Now that refugees are front and center on the campaign trail the topic is at hand and it presents an opportunity to point out where refugees come from. We have refugees because we have conflict and disruption, we have conflict because the world community has failed to manage the region effectively. Please look at the history of the Middle East and you will make the following observation, the pain incurred there by these people is a product of incomplete effort on the part of intervening nations in our contemporary reality and the fracturing of regional order as a result of European management post Ottoman Empire.

Click the Links below for more thinking on the subject
  
Russia attacked Afghanistan so they could have a fossil fuel transportation corridor to the lucrative Pakistani and Indian markets; the United States intervened by supporting Afghani warriors “freedom fighters” as they were called and they drove the Russians out, this gave birth to the Taliban.  The Taliban gave refuge to Osama bin Laden and a stronghold for al-Qaeda in the Pashtun region of the country. It then became necessary to bomb the al-Qaeda stronghold and invade the country. It is important to note that many in the United States governing body wanted to take a stronger presence in Afghanistan post the Russian occupation, had they done so the Afghanistan story would be much different – because of passive foreign policy however, in excess of a decade of war and hardship ensued. Even now, having been through the cycle before and post a trillion dollar military adventure, we (the west) are poised to make the same error in Afghanistan. We need to focus on effectiveness in the Middle East, on outcomes there and stop letting western election cycles and the whimsy of the populous politics determine our course.

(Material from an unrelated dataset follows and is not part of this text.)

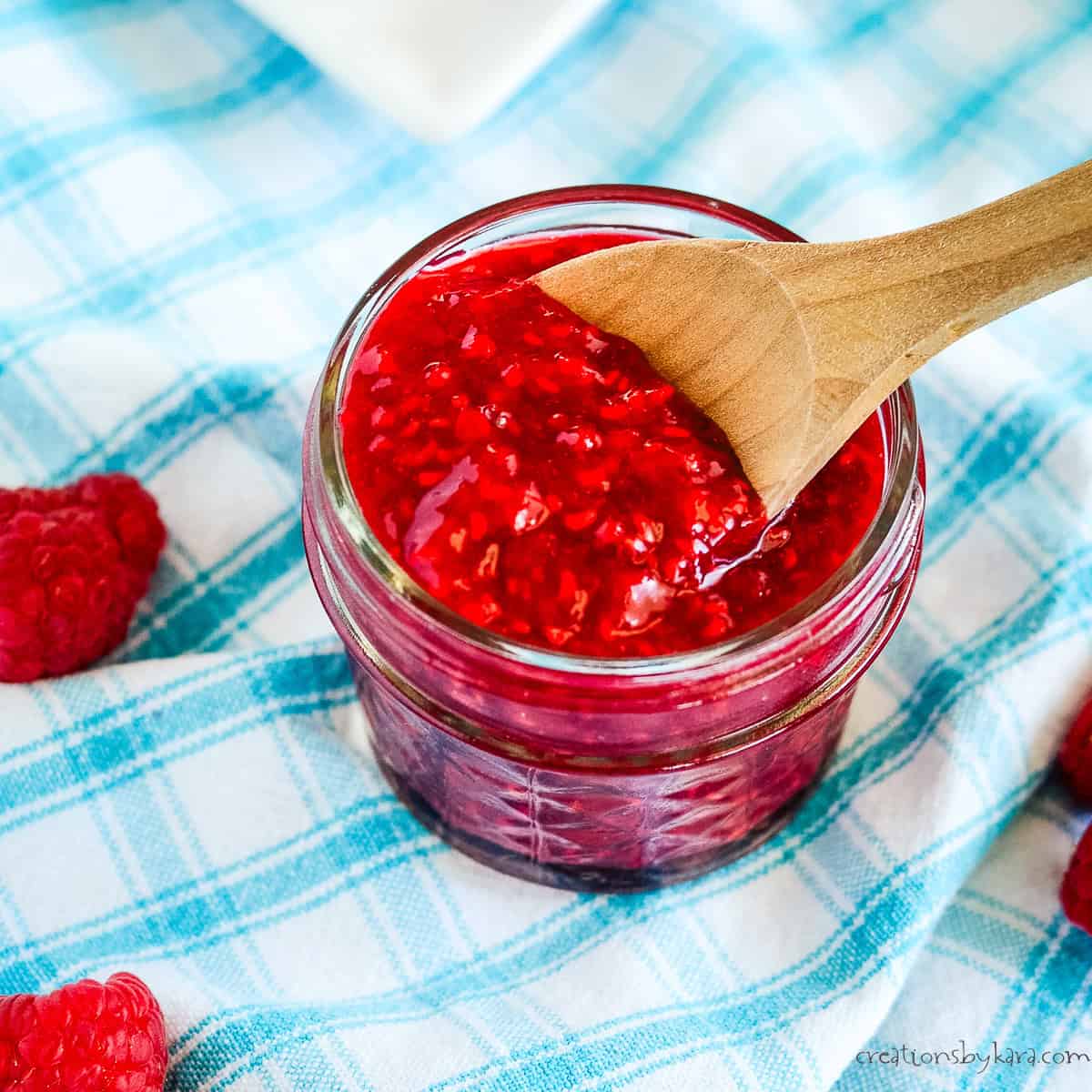 jar of homemade raspberry compote with a wooden spoon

Having seen this same process unfold several times elsewhere, we had to once again repeat history in Iraq. The Coalition took Iraq handily militarily speaking and then invested trillions of dollars, thousands of lives, millions of civilians killed, injured and displaced to win the peace, to effect a secure living circumstance for the country. This was a herculean undertaking with an unspeakable human toll, only to walk away to let the cycle unfold again, in was popular to take US troops out of Iraq – it was just stupid in the extreme. Granted there are other causal elements at play in the rise of ISIS, the “desert spring” and the collapse of several national orders in quick succession has played a role as well, the point is that had the US maintained military presence, there would be remaining a point where order exists. The two little boys who drowned were Kurds, “Kurdistan” or the Kurdish region of Iraq was beginning to prosper before the war do a degree and then gained momentum as the new order in Iraq took form; most of Kurd’s progress took place with just western air support. Had we (the west) exercised our obligation to protect, had we stayed the course, those two little boys would have opportunity to be living in a stable and prosperous place.

The generous country of Canada never killed those boys; a dismal circumstance and extended western neglect did.